His tournament tally stands at three goals and three assists. That's a complete performance from him at this stage of his career.
But three goals won't win the Golden Boot. This is a farewell that will be talked about forever. It is not a Golden Boot campaign.
Kane Is Doing Exactly What He Promised
England fans have heard the Kane-nearly-man narrative for years. He is rewriting it. Five goals in this tournament. Two penalties, yes — but also that volley against Colombia that belongs in a different conversation entirely.
Kane at 32 is a different player to the one who looked slightly lost in certain Spurs systems. Under this England setup he is the focal point, not an afterthought. The service has been better. The movement has been sharper.
If England make it to the final and win two more games, Kane could genuinely threaten for this award. He needs two goals per game from here. That's a big ask.
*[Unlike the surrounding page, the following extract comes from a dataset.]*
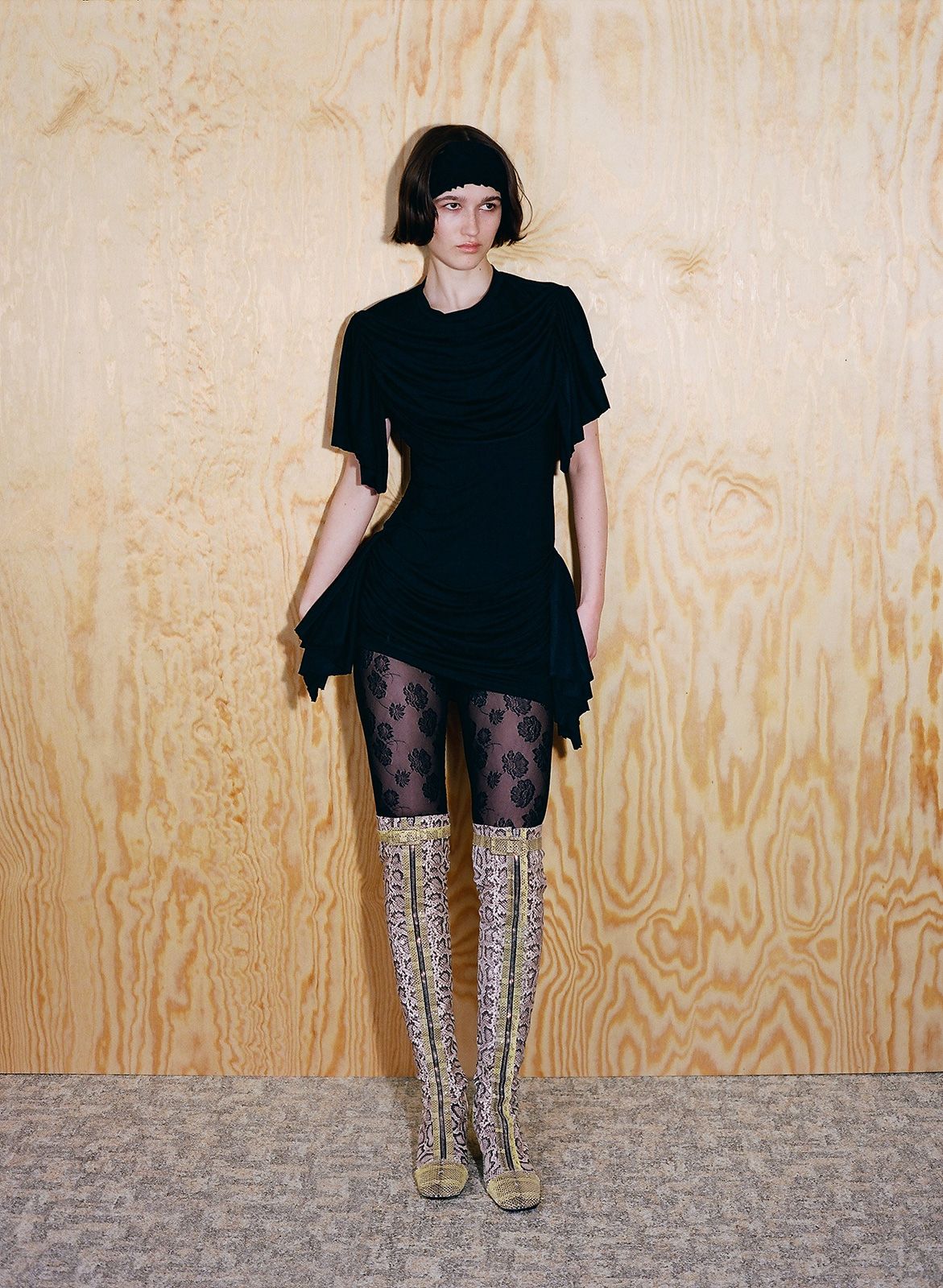 Anne Isabella Metalmagazine 21.jpg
But the fact we're even having the conversation shows how far he's come. Our verdict on Kane is simple: he deserves every bit of credit he gets in this tournament, regardless of where the Golden Boot ends up.
Why Haaland Takes It
Norway made it out of the group stage for the first time in their history. That alone is a moment. But Haaland didn't carry them — he devastated everyone in front of him.
Six goals already. Two hat-tricks. One of those hat-tricks came against a Brazil defence that had looked solid all tournament. He scored with his left foot, his right foot, and his head. He pressed the centre-backs into mistakes. He held the ball up when Norway needed it.
He is operating at a level where the Golden Boot feels almost secondary to how complete his performances have been. But we're talking about the award, so: six goals with two rounds to go, against increasingly difficult defences, for a team that will need him to score every time they want to stay in this thing.
That is the perfect storm for a Golden Boot winner.
Our Verdict
Haaland. Then Kane if England go deep. Then Mbappé. Messi's tournament will be remembered long after the goalscoring charts are forgotten, which is exactly as it should be.
The Golden Boot is about pure finishing volume. Nobody alive right now does that better than Erling Haaland. He wins it. Write it down.